**Your goal**
In the records that follow, the lines from the one containing "Wantdo Men's Mountain" to the one containing "Uśmiechnięta buźka z", inclusive, are to be given again exactly.

[Short text fragments from websites]

■ ■ ■

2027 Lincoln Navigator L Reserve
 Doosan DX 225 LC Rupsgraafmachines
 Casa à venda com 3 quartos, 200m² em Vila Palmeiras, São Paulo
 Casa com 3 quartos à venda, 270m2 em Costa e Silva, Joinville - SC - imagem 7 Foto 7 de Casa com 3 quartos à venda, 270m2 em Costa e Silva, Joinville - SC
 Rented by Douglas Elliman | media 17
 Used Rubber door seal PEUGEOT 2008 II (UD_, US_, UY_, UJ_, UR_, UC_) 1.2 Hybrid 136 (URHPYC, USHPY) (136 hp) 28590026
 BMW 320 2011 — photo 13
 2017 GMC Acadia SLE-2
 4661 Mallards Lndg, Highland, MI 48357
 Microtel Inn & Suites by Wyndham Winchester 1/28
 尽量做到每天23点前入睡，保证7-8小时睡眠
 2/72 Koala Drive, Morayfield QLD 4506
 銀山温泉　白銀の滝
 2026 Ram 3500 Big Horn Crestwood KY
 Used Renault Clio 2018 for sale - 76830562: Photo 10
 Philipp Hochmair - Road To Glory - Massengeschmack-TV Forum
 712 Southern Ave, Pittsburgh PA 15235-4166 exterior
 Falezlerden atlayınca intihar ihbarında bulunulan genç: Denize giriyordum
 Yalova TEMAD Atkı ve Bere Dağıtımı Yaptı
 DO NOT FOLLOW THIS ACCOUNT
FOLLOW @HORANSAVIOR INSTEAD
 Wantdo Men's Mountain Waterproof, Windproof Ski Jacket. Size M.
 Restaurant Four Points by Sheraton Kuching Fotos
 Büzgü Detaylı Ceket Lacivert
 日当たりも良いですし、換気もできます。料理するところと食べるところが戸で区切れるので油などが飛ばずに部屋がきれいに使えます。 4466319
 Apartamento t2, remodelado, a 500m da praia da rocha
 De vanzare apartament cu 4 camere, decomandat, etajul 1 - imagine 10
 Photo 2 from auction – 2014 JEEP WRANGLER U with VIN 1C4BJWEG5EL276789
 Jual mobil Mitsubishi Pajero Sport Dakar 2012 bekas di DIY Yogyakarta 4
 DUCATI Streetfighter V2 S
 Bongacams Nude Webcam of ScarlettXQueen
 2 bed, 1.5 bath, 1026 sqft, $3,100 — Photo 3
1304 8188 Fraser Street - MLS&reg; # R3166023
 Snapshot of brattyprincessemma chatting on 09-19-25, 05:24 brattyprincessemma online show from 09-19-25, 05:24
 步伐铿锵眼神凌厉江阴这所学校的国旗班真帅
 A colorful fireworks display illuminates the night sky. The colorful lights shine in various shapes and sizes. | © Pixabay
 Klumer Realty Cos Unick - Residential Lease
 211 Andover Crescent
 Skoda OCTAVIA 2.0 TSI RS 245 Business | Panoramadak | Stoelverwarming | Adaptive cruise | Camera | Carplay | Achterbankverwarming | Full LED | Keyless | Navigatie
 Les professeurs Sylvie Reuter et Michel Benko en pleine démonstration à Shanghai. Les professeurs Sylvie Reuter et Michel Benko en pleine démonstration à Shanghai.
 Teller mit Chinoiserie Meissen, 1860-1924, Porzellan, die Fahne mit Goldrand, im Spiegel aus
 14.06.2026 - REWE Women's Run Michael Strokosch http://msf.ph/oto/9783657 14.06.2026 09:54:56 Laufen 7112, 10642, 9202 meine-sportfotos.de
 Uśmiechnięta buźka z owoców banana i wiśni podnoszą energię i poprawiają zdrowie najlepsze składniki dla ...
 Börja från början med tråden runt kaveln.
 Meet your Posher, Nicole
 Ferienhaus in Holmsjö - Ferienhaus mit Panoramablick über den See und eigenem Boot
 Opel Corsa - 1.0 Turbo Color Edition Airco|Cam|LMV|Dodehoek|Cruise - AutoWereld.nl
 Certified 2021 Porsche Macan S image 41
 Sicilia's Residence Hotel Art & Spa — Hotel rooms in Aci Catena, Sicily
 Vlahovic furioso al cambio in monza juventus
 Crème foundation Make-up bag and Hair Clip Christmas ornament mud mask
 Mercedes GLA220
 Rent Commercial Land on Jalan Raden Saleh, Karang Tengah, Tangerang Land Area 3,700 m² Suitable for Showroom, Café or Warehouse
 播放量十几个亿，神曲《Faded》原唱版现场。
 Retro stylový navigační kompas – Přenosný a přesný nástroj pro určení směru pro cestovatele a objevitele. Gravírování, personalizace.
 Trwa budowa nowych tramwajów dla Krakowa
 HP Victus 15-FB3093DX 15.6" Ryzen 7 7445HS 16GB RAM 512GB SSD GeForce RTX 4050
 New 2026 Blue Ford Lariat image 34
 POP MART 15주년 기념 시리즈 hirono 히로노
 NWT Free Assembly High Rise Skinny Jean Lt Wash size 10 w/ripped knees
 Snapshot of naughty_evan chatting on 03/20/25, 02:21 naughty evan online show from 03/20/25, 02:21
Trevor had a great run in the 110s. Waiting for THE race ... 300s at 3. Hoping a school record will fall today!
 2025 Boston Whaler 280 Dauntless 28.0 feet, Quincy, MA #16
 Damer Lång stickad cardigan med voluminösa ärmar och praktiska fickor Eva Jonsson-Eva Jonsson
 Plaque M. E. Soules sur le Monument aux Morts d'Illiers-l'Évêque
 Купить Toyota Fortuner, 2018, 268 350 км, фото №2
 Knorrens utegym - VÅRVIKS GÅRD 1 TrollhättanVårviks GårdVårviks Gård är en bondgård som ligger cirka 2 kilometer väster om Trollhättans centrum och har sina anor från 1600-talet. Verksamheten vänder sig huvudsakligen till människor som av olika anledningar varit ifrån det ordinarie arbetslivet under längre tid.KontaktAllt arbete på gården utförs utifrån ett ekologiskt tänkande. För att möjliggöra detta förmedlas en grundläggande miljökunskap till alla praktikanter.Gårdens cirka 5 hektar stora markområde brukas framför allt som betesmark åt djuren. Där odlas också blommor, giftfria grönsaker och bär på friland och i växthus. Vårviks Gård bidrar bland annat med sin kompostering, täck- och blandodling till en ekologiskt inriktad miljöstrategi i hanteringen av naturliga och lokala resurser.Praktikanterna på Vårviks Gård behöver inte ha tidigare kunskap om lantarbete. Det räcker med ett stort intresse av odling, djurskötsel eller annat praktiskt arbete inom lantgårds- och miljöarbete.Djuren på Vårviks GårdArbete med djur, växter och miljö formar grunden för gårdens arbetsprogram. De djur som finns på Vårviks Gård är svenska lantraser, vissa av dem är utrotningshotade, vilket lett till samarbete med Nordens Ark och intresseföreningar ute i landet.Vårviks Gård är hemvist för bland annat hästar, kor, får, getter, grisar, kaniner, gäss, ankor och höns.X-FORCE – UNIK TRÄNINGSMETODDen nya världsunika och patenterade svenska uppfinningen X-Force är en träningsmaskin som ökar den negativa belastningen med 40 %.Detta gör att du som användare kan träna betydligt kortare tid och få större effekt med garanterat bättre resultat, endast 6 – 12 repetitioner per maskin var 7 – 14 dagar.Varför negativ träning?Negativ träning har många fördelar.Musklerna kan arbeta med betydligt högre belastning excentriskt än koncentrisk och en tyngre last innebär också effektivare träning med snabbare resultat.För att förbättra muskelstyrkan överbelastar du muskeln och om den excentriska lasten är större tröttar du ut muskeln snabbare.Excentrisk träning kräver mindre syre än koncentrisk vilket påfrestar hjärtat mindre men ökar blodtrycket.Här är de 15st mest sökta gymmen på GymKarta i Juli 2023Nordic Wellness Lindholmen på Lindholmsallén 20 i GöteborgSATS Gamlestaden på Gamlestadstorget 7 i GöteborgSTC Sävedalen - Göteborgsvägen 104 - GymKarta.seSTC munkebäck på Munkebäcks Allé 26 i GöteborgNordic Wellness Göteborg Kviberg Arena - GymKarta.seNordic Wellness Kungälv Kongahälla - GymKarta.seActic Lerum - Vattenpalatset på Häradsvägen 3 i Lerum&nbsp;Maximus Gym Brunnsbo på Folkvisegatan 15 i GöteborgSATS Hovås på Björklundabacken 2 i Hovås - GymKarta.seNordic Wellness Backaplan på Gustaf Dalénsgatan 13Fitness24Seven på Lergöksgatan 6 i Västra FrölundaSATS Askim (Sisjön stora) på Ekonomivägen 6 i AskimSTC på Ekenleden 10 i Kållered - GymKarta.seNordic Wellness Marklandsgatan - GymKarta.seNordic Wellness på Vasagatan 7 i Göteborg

■ ■ ■

**Exercise answer**
 Wantdo Men's Mountain Waterproof, Windproof Ski Jacket. Size M.
 Restaurant Four Points by Sheraton Kuching Fotos
 Büzgü Detaylı Ceket Lacivert
 日当たりも良いですし、換気もできます。料理するところと食べるところが戸で区切れるので油などが飛ばずに部屋がきれいに使えます。 4466319
 Apartamento t2, remodelado, a 500m da praia da rocha
 De vanzare apartament cu 4 camere, decomandat, etajul 1 - imagine 10
 Photo 2 from auction – 2014 JEEP WRANGLER U with VIN 1C4BJWEG5EL276789
 Jual mobil Mitsubishi Pajero Sport Dakar 2012 bekas di DIY Yogyakarta 4
 DUCATI Streetfighter V2 S
 Bongacams Nude Webcam of ScarlettXQueen
 2 bed, 1.5 bath, 1026 sqft, $3,100 — Photo 3
1304 8188 Fraser Street - MLS&reg; # R3166023
 Snapshot of brattyprincessemma chatting on 09-19-25, 05:24 brattyprincessemma online show from 09-19-25, 05:24
 步伐铿锵眼神凌厉江阴这所学校的国旗班真帅
 A colorful fireworks display illuminates the night sky. The colorful lights shine in various shapes and sizes. | © Pixabay
 Klumer Realty Cos Unick - Residential Lease
 211 Andover Crescent
 Skoda OCTAVIA 2.0 TSI RS 245 Business | Panoramadak | Stoelverwarming | Adaptive cruise | Camera | Carplay | Achterbankverwarming | Full LED | Keyless | Navigatie
 Les professeurs Sylvie Reuter et Michel Benko en pleine démonstration à Shanghai. Les professeurs Sylvie Reuter et Michel Benko en pleine démonstration à Shanghai.
 Teller mit Chinoiserie Meissen, 1860-1924, Porzellan, die Fahne mit Goldrand, im Spiegel aus
 14.06.2026 - REWE Women's Run Michael Strokosch http://msf.ph/oto/9783657 14.06.2026 09:54:56 Laufen 7112, 10642, 9202 meine-sportfotos.de
 Uśmiechnięta buźka z owoców banana i wiśni podnoszą energię i poprawiają zdrowie najlepsze składniki dla ...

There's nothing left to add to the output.